2011年09月13日 | 季節を感じて ‥一期一会
 
 この世をばわが世とぞ思ふ望月の欠けたることもなしと思へば
 (藤原道長)

 平安期の中秋に、道長が藤原家繁栄の絶頂をこう嘯いたのは、じつは十五夜でなく(月の欠けはじめの)十六夜であったと、永井路子著『この世をば』に記されていたと記憶しています。史実はともかく、盛者必衰は世の常。やがて平家の台頭とともに藤原家は衰退します。


 ことしの十五夜は望月とかさなり、無欠の月でした。煌煌とあまりに神々しく、つい目をそらせてしまうほどの輝きでしたけど、円相は悟りの境地といいますから、望月イコール仏さま、と解すならば、頭を垂れ手を合わせたくなります。

 仏さまとか、望月とか富士山のような、完全無欠の美の前に、人は対峙するにも“真正面をはずす”こころをこそあらまほしけれ‥と、そんな趣旨のことを白洲正子さんがどこかで述べていたとおもいます。

 そんなわけだから、望月の写真撮影は控えて、今宵虫の音をBGMに十六夜の月をこころゆくまで見上げています。

 ‥というのはいいわけで。
 昨夜はあまりに涼やかな良夜だったため、うかうかと○いおまんじゅうをほおばりながらすごしてしまったのでした ^^ゞ
 

りんどう忌

2011年09月09日 | 本の森
 
 九月七日は英治忌でした。
 さわやかな秋晴れとなったこの日、志野流(茶道)社中の方々の案内で東京の梅の郷・青梅にあります吉川英治記念館を訪ねました。山懐の緑に抱かれた記念館はひっそりとしたたたずまい。四季折々の訪問者をあたたかく迎えてくれます。

 英治忌にのみ公開される苑内の草思堂にてお仏壇に手を合わせ、お茶を一服いただきました。草思堂は吉川英治氏とご家族の疎開先で、一家は昭和19年からおよそ十年の歳月をすごし、青梅郷の人々と心安く親交しました。

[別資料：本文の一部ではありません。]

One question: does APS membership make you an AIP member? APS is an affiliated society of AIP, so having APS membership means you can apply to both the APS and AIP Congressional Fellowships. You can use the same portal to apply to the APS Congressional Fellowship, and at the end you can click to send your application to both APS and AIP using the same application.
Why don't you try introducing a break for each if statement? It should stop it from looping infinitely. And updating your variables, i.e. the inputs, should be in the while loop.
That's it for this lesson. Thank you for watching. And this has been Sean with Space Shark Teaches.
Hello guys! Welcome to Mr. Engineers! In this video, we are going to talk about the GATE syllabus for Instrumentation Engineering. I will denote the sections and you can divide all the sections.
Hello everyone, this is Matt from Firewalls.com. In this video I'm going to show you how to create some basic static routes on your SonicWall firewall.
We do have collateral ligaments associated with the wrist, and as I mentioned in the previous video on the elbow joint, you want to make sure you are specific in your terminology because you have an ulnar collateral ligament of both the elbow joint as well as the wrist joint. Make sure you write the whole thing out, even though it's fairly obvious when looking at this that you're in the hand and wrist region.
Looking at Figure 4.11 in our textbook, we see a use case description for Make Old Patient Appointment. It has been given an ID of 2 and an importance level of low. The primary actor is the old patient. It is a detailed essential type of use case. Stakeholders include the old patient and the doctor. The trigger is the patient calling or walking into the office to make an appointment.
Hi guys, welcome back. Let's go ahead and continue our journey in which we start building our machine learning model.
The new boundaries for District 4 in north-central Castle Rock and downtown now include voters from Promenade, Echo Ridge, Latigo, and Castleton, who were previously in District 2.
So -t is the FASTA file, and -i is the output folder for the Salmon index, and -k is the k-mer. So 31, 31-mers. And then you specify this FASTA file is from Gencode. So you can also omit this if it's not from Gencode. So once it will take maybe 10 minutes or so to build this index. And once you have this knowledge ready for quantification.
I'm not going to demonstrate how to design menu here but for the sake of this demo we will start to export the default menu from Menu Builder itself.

 昭和25年にこの地で大作『新・平家物語』の執筆を始めます。古典の中でも平曲を愛するわたしは、来年のNHK大河ドラマ「平清盛」(主演:松山ケンイチ)をこころ待ちにしながら、友人の影響もあってすこし前から『新・平家物語』(講談社文庫全十六巻)に取り組んでいます。

 ようやく三巻目まで読みすすめ、ゆかりの地にて貴重なお道具や遺愛の品々を拝見する機会にめぐまれたことは望外のよろこびです。挿画を担当していた杉本健吉氏筆「(英治)涅槃図」、親交のあった白洲正子さん直筆の書簡等々から、英治氏の高潔で愛情深い人となりを偲びました。


 母おもいで子煩悩だった吉川英治は「‥ひっそりと野に咲く可憐な花、なかでも、りんどうは、その青紫の花弁の初々しさと、清楚なたたずまいを、ことのほか愛でていたようでございます。」(故・文子夫人談) 命日も、りんどうの花咲くころです。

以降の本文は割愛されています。